Work required =
Return every line from the one with "Grote politiemacht op" through the one with "قصافات ومقصات أظافر", inclusive, exactly as it appears below.

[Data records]
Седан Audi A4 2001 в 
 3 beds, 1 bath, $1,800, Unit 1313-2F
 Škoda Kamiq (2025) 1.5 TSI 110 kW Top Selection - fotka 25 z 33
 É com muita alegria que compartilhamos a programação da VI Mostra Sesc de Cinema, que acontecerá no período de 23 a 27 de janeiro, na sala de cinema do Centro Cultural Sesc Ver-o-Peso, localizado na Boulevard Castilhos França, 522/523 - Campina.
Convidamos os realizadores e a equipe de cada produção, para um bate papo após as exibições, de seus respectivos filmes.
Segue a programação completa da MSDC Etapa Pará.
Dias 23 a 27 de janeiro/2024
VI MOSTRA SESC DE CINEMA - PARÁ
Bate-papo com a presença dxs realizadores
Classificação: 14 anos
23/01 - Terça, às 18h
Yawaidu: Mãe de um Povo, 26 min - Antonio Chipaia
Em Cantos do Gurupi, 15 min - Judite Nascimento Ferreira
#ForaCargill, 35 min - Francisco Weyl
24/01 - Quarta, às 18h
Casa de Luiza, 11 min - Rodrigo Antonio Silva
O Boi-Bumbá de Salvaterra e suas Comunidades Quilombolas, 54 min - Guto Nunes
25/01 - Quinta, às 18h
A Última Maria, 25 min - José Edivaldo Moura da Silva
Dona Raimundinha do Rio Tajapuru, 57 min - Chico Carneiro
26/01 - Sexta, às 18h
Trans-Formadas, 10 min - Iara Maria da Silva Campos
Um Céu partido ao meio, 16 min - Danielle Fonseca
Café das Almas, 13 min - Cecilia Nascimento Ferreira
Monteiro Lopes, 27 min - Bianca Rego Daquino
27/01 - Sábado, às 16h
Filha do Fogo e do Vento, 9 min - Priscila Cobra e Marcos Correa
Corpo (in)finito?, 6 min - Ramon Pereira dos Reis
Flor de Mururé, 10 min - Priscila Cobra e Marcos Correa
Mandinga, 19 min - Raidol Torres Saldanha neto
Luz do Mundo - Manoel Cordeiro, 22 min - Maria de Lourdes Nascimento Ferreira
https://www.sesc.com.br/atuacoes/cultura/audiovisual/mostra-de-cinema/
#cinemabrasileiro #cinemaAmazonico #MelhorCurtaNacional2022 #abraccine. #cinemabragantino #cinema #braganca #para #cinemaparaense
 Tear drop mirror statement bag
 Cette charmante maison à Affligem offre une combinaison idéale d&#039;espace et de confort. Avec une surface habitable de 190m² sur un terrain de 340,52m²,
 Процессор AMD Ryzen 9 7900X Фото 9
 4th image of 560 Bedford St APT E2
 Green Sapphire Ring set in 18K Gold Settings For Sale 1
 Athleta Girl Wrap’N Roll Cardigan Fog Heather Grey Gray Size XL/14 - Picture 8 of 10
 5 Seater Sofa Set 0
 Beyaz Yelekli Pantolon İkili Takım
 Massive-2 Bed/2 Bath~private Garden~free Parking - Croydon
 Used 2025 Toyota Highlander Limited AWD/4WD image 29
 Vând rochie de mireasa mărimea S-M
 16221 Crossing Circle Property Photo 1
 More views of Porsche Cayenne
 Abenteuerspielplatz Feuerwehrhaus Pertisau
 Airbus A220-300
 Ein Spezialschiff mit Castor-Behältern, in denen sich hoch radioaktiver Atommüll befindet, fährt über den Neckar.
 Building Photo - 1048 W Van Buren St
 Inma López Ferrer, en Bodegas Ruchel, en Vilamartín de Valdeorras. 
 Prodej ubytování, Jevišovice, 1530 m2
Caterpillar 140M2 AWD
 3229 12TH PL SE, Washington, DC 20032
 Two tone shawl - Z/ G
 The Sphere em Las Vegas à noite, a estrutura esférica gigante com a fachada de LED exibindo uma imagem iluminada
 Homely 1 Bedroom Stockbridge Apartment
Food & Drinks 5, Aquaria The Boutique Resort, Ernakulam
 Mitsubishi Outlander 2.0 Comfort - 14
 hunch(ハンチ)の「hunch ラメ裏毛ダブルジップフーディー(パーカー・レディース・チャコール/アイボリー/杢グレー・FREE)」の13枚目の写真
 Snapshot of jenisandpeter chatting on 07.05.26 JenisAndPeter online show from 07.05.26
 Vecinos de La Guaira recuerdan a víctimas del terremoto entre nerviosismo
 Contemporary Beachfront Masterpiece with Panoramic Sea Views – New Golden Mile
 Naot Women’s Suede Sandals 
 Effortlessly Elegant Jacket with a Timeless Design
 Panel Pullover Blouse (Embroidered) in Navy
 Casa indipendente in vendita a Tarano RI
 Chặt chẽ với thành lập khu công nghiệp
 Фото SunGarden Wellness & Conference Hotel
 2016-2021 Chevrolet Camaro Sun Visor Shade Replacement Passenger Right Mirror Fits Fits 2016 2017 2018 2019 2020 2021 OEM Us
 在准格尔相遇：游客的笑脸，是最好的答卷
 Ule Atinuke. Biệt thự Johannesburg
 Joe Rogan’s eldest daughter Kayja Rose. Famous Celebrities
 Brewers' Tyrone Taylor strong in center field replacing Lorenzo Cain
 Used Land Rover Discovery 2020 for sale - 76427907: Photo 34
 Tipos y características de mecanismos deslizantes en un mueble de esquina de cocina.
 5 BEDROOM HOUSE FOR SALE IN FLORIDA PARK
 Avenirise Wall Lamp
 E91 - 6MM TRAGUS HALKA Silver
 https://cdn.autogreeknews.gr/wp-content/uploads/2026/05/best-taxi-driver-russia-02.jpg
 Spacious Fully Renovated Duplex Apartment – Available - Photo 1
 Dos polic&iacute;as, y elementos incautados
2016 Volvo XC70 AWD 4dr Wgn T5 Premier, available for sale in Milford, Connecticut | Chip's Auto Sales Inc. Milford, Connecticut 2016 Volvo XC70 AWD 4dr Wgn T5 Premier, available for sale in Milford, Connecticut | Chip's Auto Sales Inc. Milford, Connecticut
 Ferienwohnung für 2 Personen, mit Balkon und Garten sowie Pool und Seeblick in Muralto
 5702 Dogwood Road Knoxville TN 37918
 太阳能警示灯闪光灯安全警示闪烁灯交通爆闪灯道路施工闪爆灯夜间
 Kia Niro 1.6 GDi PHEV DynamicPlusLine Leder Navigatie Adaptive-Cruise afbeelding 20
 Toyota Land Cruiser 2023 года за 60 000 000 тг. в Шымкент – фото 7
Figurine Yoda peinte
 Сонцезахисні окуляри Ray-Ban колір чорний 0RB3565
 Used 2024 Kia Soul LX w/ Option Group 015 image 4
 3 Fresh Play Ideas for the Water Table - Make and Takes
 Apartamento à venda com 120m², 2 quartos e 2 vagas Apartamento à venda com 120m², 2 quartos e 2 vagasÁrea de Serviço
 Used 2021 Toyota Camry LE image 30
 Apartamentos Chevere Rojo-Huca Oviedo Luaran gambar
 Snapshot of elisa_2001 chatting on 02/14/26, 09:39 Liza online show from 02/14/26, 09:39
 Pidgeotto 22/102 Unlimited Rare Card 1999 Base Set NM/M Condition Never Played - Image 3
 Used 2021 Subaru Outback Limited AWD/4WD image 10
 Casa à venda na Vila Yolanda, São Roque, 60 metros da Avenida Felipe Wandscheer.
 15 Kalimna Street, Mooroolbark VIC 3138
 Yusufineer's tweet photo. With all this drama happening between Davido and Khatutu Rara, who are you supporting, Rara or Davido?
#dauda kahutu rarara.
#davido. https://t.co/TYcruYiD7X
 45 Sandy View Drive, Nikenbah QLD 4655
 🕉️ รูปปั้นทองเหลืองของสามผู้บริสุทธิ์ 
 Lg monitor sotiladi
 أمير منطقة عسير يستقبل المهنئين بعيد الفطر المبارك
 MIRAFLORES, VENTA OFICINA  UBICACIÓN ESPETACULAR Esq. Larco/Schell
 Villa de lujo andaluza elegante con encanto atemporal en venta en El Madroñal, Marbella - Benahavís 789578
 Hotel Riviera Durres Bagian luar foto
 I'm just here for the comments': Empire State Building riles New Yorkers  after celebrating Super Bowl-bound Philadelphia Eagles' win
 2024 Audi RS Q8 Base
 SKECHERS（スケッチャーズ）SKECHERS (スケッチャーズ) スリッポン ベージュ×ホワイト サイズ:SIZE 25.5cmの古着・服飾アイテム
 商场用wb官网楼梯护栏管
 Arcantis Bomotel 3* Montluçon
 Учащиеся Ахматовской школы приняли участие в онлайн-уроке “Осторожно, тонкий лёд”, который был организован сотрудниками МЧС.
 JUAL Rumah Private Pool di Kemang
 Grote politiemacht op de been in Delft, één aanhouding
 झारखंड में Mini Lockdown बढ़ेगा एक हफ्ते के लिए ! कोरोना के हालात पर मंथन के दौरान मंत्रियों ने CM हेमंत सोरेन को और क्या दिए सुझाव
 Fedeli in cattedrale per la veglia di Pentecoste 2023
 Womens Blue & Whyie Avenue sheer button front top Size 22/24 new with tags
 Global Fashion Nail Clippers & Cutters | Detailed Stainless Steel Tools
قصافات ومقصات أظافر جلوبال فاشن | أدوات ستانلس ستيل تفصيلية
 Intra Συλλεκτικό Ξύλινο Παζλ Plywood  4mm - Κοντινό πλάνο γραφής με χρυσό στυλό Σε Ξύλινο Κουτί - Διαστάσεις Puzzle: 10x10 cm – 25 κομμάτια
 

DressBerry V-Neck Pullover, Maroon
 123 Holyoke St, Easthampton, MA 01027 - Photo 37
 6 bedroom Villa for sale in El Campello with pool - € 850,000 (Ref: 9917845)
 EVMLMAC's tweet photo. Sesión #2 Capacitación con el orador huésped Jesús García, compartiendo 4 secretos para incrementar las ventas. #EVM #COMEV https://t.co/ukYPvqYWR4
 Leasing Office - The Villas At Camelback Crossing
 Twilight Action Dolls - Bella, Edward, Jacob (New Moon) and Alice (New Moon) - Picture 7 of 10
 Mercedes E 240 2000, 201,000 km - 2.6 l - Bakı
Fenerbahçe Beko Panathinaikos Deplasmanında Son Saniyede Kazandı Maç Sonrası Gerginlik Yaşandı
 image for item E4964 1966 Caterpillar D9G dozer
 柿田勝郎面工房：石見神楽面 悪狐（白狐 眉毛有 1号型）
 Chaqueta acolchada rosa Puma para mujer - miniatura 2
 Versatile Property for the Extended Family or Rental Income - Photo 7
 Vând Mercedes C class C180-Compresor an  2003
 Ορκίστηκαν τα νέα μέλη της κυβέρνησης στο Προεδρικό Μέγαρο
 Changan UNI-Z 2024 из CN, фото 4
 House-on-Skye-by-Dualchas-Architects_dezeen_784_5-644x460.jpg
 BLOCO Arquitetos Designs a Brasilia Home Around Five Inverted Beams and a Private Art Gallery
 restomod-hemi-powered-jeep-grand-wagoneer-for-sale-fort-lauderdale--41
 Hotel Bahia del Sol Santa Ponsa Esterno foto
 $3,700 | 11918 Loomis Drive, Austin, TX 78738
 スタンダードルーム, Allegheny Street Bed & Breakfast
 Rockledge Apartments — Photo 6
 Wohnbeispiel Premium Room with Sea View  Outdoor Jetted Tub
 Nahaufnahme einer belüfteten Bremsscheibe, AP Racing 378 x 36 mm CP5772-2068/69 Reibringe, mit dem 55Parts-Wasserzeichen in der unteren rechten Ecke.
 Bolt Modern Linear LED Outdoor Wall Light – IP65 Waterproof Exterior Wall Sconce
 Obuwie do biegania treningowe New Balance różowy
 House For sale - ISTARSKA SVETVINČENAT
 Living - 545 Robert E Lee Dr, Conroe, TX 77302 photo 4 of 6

Answer to this problem =
 Grote politiemacht op de been in Delft, één aanhouding
 झारखंड में Mini Lockdown बढ़ेगा एक हफ्ते के लिए ! कोरोना के हालात पर मंथन के दौरान मंत्रियों ने CM हेमंत सोरेन को और क्या दिए सुझाव
 Fedeli in cattedrale per la veglia di Pentecoste 2023
 Womens Blue & Whyie Avenue sheer button front top Size 22/24 new with tags
 Global Fashion Nail Clippers & Cutters | Detailed Stainless Steel Tools
قصافات ومقصات أظافر جلوبال فاشن | أدوات ستانلس ستيل تفصيلية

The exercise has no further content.